In the listing below, the lines starting at the line with "chicken plucking machine Poultry" and ending at the line with "Property slide 21" are to be output verbatim. Images stay out of the copy.

__The data__:
"""

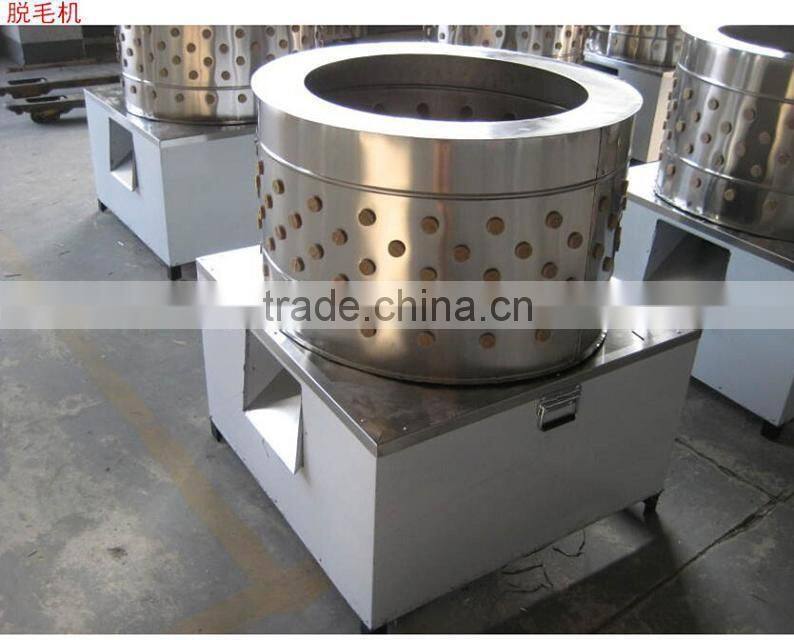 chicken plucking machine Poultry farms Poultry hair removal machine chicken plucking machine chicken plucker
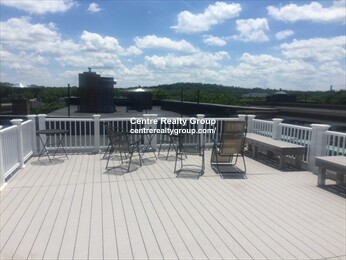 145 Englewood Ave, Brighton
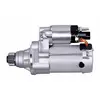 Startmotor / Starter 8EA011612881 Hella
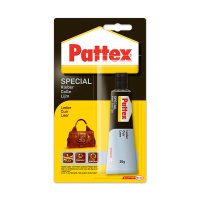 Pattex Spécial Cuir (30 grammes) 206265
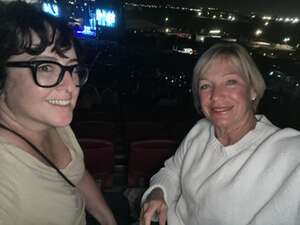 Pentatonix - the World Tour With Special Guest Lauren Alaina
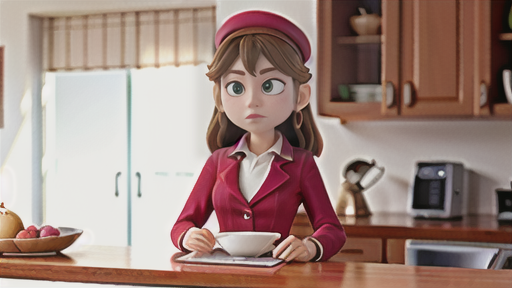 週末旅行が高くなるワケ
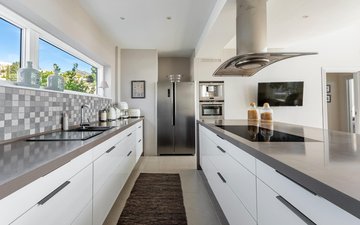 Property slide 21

"""
"""

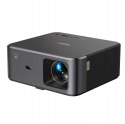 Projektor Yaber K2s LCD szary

"""

__Solved problem__:
 chicken plucking machine Poultry farms Poultry hair removal machine chicken plucking machine chicken plucker
 145 Englewood Ave, Brighton
 Startmotor / Starter 8EA011612881 Hella
 Pattex Spécial Cuir (30 grammes) 206265
 Pentatonix - the World Tour With Special Guest Lauren Alaina
 週末旅行が高くなるワケ
 Property slide 21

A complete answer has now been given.